Saturday 28 March 2015

Have you found a lasting hope?


On the cusp of Holy Week our attention shifts from Annunciation and Nativity to Calvary; from expectancy and birth to suffering and death.  As we make that move, this painting holds birth and death together; it draws invites us to pay attention to an apple. An apple in the hand of Eve is a symbol of temptation, misdirected desires, and our human propensity to mess things up. An apple in the hand of Mary is a sign of redemption, self-giving love, God propensity to forgive and restore.

Chris Gollon: Madonna of the Apple (2012)

That is the overarching narrative of salvation - of a love that gives in perfect freedom with all the risk of hurt and failure that that entails; and a love that will not let us go when we face the reality of human vulnerability.  Steve Summers' articulated this, drawing on Simone Weil’s theology last week.  He identifies the paradox of love – of intimacy and separation.  We cannot insulate ourselves from pain – yet we are called to hope in the midst of it. A hope founded on God and the assurance that all shall be well.  

Eliot writes that history may be servitude; faces and places known and loved to us vanish, or are renewed.  The reality of the human condition is met by grace: Sin is Behovely, but / All shall be well, and / All manner of thing shall be well. All shall be well because our hope is in the faithfulness of God’s love; his yes to humanity. All shall be well because such hope does not disappoint, rather it engenders trust.  In stillness, in waves and sea Eliot describes A condition of complete simplicity / (Costing not less than everything) / And all shall be well and / All manner of thing shall be well / When the tongues of flames are in-folded / Into the crowned knot of fire / And the fire and the rose are one.

Hope demands that we inhabit the Gospel story afresh. As we immerse ourselves in Holy Week,  that invitation to immerse ourselves in this narrative is more acute. It allows space to ask questions about loss and renewal, grief and gift; questions which are more spacious than answers.

This painting is an impossible moment of infancy and death; eternity caught in a span. It is love with us, the source of hope. Not an ending, but a new beginning.  Perhaps we will catch a glimmer of hope and renewal that we come know, with baited breath, like a breaking dawn, as resurrection.  That is perhaps conveyed in ‘A blinding brightness’.

Catherine Clancy: A Blinding Brightness (2014)
 
Denise Inge thinks deeply about this resurrection hope in her book ‘A Tour of Bones’.  She discovers that preparing to live and preparing to die are in the end the same thing.   She writes about the Spirit brooding over us, refining us, rushing through us and drawing us on.  Whispering the assurance: Do not be afraid.  As we face the frailty of our human nature we are invited to rediscover hope by placing God centre stage and responding to an invitation to turn, to follow to set our Christ, setting our eyes on him.  Do not be afraid.  Learning to die well, learning to let go, extends our horizon so that we might live well. 

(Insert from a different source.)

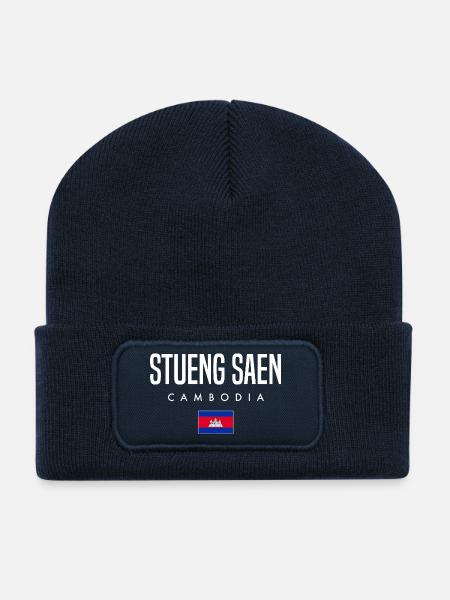 Stueng Saen Cambodge Khmer - Beanie recyclé à patch - bleu marine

Denise’s journey takes her to various charnel houses across Europe: each places ‘tells’ her something. At Sedlec she ponders the quest to find a lasting hope and the story of resurrection, and hope amidst doubt.  For her it isn’t about believing the impossible – but leaving room for the improbable… it is the daring act of staking a claim in the unprovable. That is what makes it hope rather than optimism, because it is active. It does more than wait to see what will be; it acts prior to proof. It is audacious.

Such an audacious hope in resurrection is life-enriching; it is an invitation to live without being afraid. She writes: we think we need a dream. We are urged to ‘climb every mountain’ till we find it… but what we really need is hope. Humans cannot life without it… Hope is not the same thing as optimism. Optimism says that things will get better. Hope says that the good we envisage is the good we work towards. Optimism is largely passive: it is about waiting for what is better to come to you. Hope is active: it goes out and does. It falls and fails sometimes, but it is tenacious and unafraid… it will not let go of the notion that the good is real, and that we can find it.

Have you found a lasting hope? Anchor yourself in the eternal abiding (for me this is God). Feed yourself with something stronger than optimism. You are in a constant state of growth and transition, so let change transform you.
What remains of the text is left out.